Un sirviente ingresa al despacho de gobernador y se da por concluida la entrevista. Le estrecho la mano y le doy gracias por su tiempo, me saluda con la paz del Señor,  el “Shalóm”, y como corolario me solicita que cuando revise mis notas y escriba esta entrevista no olvide lo más importante de todo lo acontecido. Le miro para entenderle pero no lo logro.
-         Lo más importante – dice - es que con Dios, alabado sea su nombre, todo es posible.

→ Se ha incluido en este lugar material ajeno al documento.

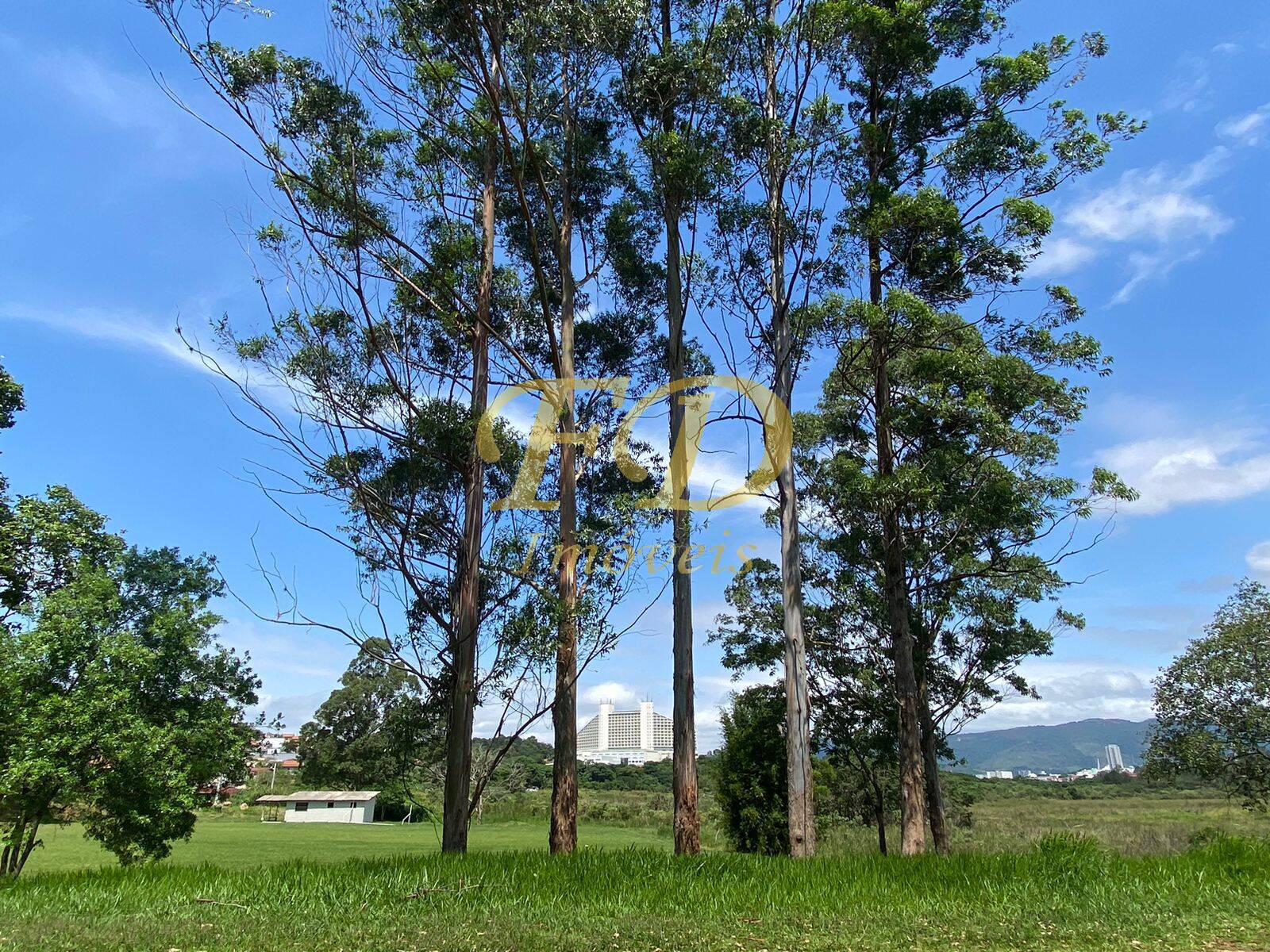 Fazenda à venda com 3 quartos, 3000m² - Foto 10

Y con una sonrisa y un leve gesto de su cabeza cierra la puerta de su despacho.
El secretario del gobernador me acompaña hasta las escalinatas de la residencia. El ritmo febril de la ciudad me golpea. El Jeep con mi guía me estaba esperando y me lleva de regreso al hotel. Mientras recorremos las calles puedo ver a lo lejos la silueta del muro de la ciudad. Debo reconsiderar mi relación con Dios.